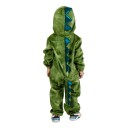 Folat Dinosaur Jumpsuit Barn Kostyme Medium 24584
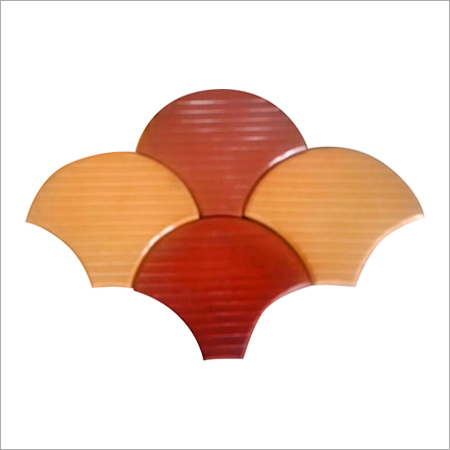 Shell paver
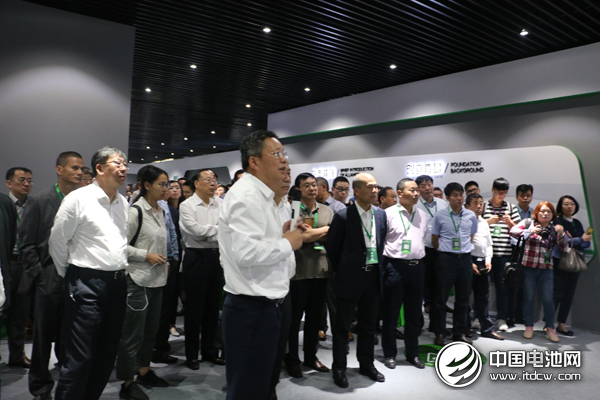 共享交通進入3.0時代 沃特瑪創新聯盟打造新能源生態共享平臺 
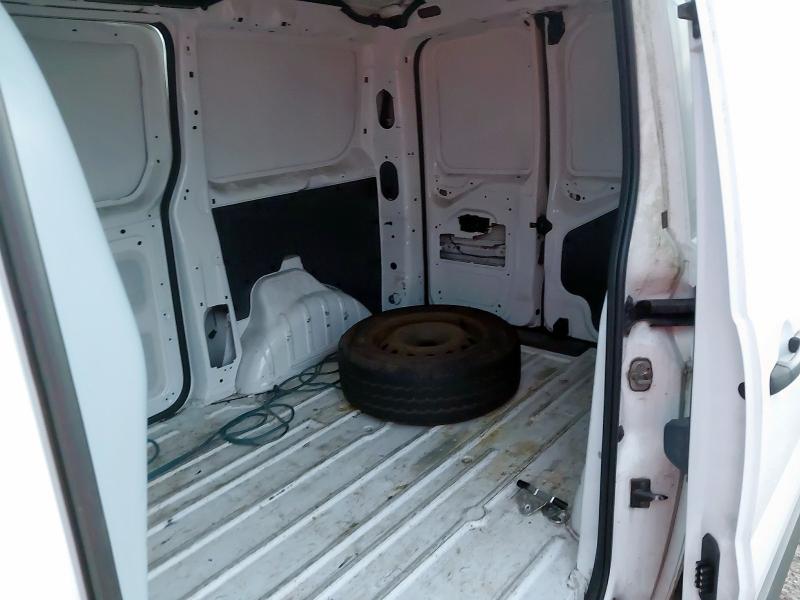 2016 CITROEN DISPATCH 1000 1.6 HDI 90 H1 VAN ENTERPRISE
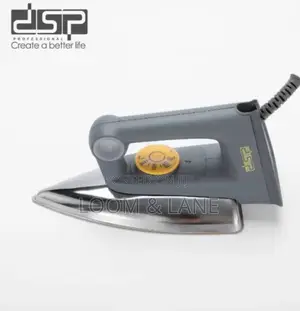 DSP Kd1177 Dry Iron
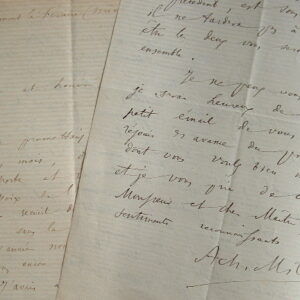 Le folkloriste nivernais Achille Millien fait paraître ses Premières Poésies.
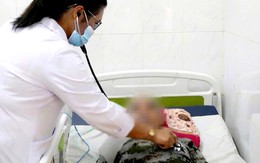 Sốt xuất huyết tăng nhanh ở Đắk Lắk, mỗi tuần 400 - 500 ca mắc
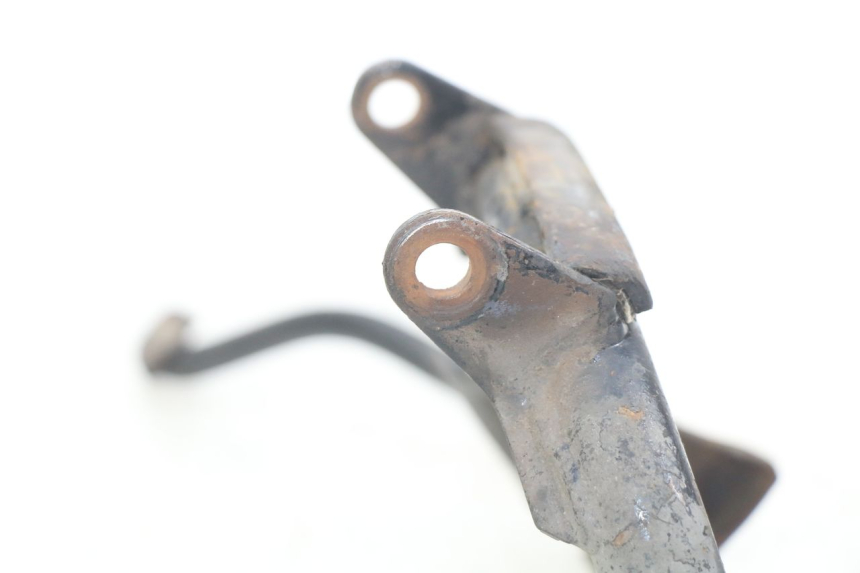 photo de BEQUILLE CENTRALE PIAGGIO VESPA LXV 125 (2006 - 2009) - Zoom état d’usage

= = = = =

» **What you will do**
Lines from the one above containing "Shell paver" down to the one containing "Sốt xuất huyết" should be transcribed exactly, with both ends kept and no pictures.

» **Your solution**
 Shell paver
 共享交通進入3.0時代 沃特瑪創新聯盟打造新能源生態共享平臺 
 2016 CITROEN DISPATCH 1000 1.6 HDI 90 H1 VAN ENTERPRISE
 DSP Kd1177 Dry Iron
 Le folkloriste nivernais Achille Millien fait paraître ses Premières Poésies.
 Sốt xuất huyết tăng nhanh ở Đắk Lắk, mỗi tuần 400 - 500 ca mắc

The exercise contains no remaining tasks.